Sizing and location of air valves
Air valves are dimensioned for a specific installation with considerations of flow, location and air valve performance. Thus, the DN of the air valve is not equal to the DN of the pipe, on which it is installed. The size and location of air valves for a specific project are defined by means of advanced calculation programs providing analyses such as fill rate analysis, drainage analysis, burst analysis, water column separation analysis and energy saving analysis.
The primary function of an air valve is to release unwanted air pockets from a pipeline, but it only functions effectively when correctly installed. The proper location of the air valve can improve water flow performance significantly. Therefore, air valves should be installed at those points where the pipeline is most susceptible to vacuum conditions. In general, the optimal installation of an air valve is at the pipeline peak, and the valve must always be installed vertically.
Before installation of an air valve, the location must be considered so that the valve is protected against freezing, pollution and flooding. The air valve should be easily accessible to allow maintenance, operation and inspection.
Recommended placement of air valves
(Source: 3. American Water Works Association, AWWA M11 "Steel Pipe: A Guide for Design & Installation"; 3rd ed., 1989, pp. 98 to 99.)

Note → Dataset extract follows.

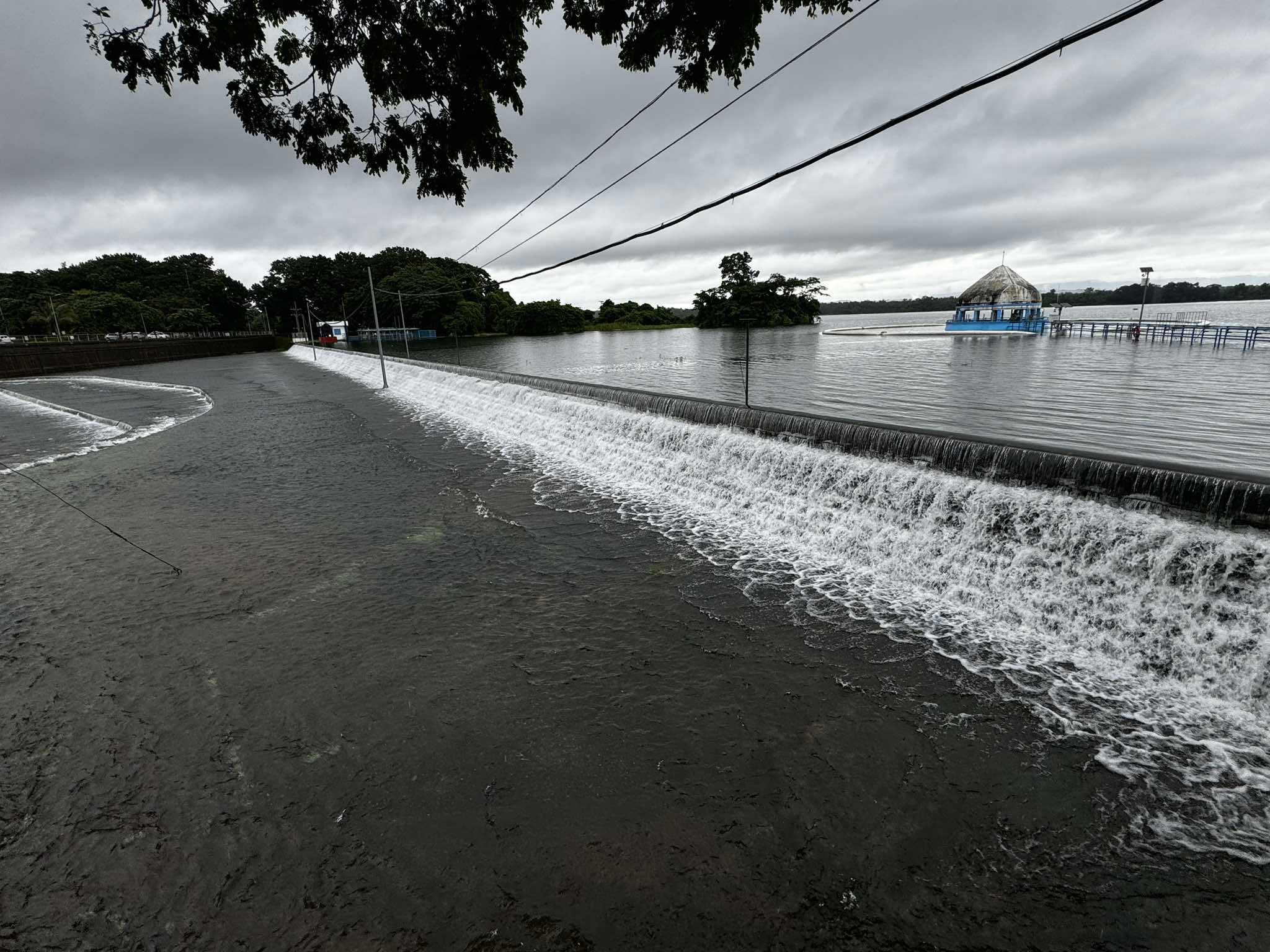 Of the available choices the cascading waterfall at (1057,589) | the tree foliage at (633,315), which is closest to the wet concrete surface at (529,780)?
the cascading waterfall at (1057,589)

- High points: combination air valve
- Long horizontal runs: air release or combination valves at 380 meter to 760 meter intervals
- Long descents: combination air valves at 380 meters to 760 meters intervals
- Long ascents: air/vacuum valves at 380 meters to 760 meters intervals
- Decrease in an up slope: air/vacuum valve
- Increase in a down slope: combination air valve
On very long horizontal runs, air release and combination air valves should be used alternately along the pipeline. Note that combination air valves can be used at any location instead of air release or air/vacuum valves to provide added air release capacity on the pipeline.